The problem for sites that were brought down by the AWS outage, is their own failure to implement one of the key design principles of the cloud; to design with failure in mind.  AWS explicitly advised developers to design a site's architecture so that it was resilient to occasional failures and outages.  This sound advice was ignored by many.

As one blogger pointed out at the time, "In short, if your systems failed in the Amazon cloud… it wasn't Amazon's fault.  You either deemed an outage of this nature an acceptable risk or you failed to design for Amazon's cloud computing model. The strength of cloud computing is that it puts control over application availability in the hands of the application developer and not in the hands of your IT staff, data center limitations, or a managed services provider."

Even Amazon customers affected by the outages, prefix their criticism with praise for AWS, and what it has enabled them to do with their business, such as BigDoor's CEO Keith Smith:

"AWS has allowed us to scale a complex system quickly, and extremely cost effectively. At any given point in time, we have 12 database servers, 45 app servers, six static servers and six analytics servers up and running. Our systems auto-scale when traffic or processing requirements spike, and auto-shrink when not needed in order to conserve dollars."

The seminar focused on a case study of one of the companies using AWS which was unaffected by the outages and the reasons why they, unlike so many other companies, had survived unscathed.

Netflix [], the TV and movie streaming company, has been using AWS for two  years, and as part of their cloud deployment strategy, have been developing their application in conjunction with tools to 'kill off' at random, instances and services within their architecture.
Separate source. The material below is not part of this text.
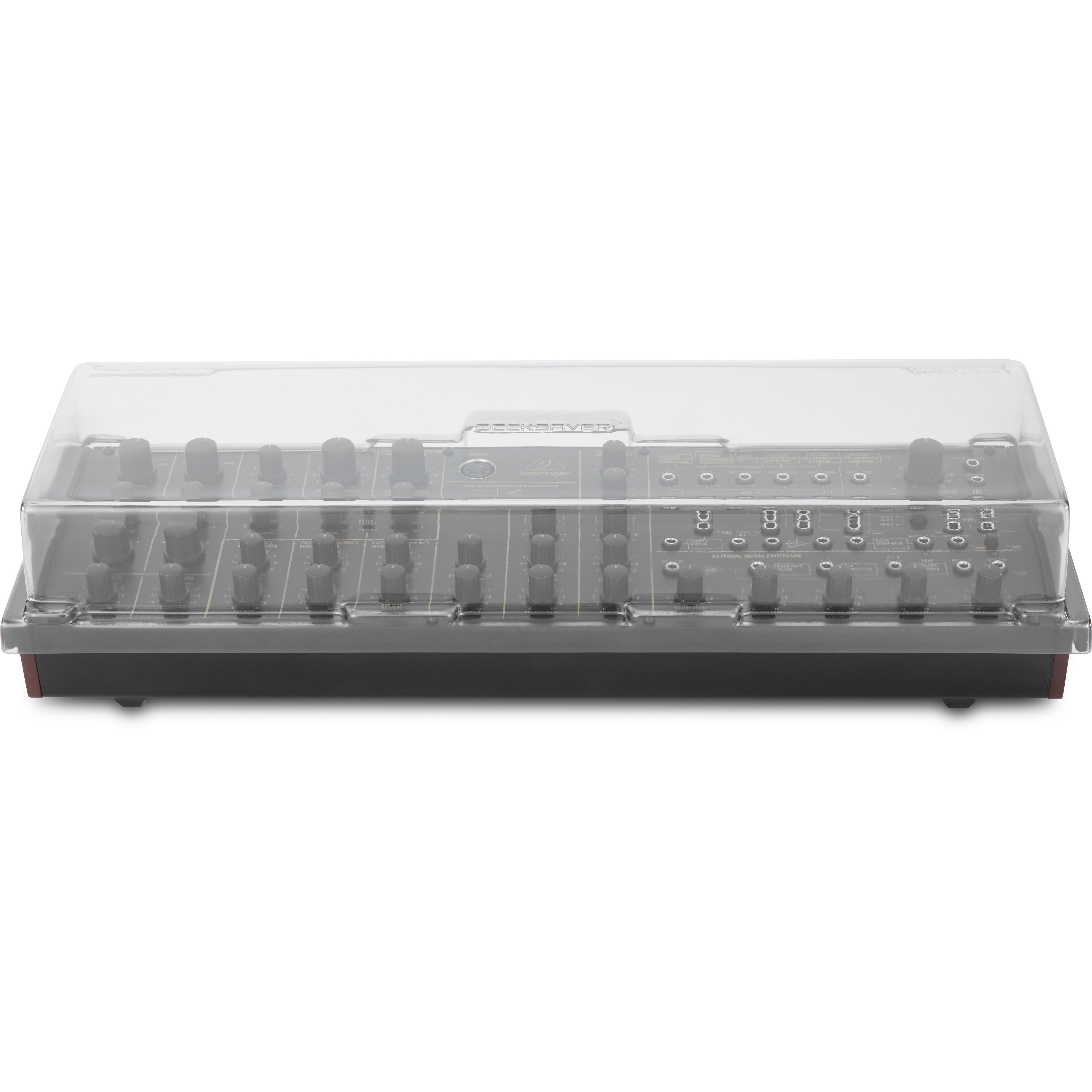 Decksaver Behringer K-2, NEUTRON & PRO-1 Cover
While one department works on improving the recommendation engine, or the payment system, another department works on a tool designed to break it. Netflix's objective is to design a cloud architecture, where individual components can fail without affecting the availability of the entire system.  As John Ciancutti, VP of Personalisation Technology at Netflix explains it, "If we aren't constantly testing our ability to succeed despite failure, then it isn't likely to work when it matters most - in the event of an unexpected outage."
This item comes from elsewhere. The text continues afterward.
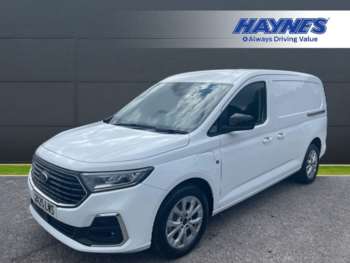Used Ford Transit Connect 2025 for sale - 75071509: Photo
The original tool was called their 'Chaos Monkey'.  There are now 7 'monkeys' in total, each performing a different, but ultimately destructive job.  Their goal is to induce various kinds of failures,  detect abnormal conditions, and test the ability to survive them;

  • Chaos Monkey - randomly shuts down a part of the Nefix architecture to see if it would still hold up
  • Latency Monkey - simulates service degradation by inducing artificial delays
  • Conformity Monkey - shuts down instances that don't comply with best-practices
  • Doctor Monkey - taps into health checks that run on each instance as well as monitoring other external signs of health (i.e. CPU load) to detect unhealthy instances
  • Security Monkey - searches for security violations or vulnerabilities, such as improperly configured AWS security groups, and terminates the offending instances
  • 10-18 Monkey - (Localization-Internationalization, or l10n-i18n) detects configuration problems in instances serving customers in multiple geographic regions, using different languages and character sets
  • Chaos Gorilla - is similar to Chaos Monkey, but simulates an outage of an entire Amazon availability zone

Perhaps if AWS had had their own 'monkey' system, their outages wouldn't have occurred, or at least wouldn't have been quite so bad.  This isn't to say that Netflix never goes down, it does.  And after making much of their 'monkeys', this potentially embarrassing situation has been blamed on their legacy systems - which naturally don't have their own monkeys!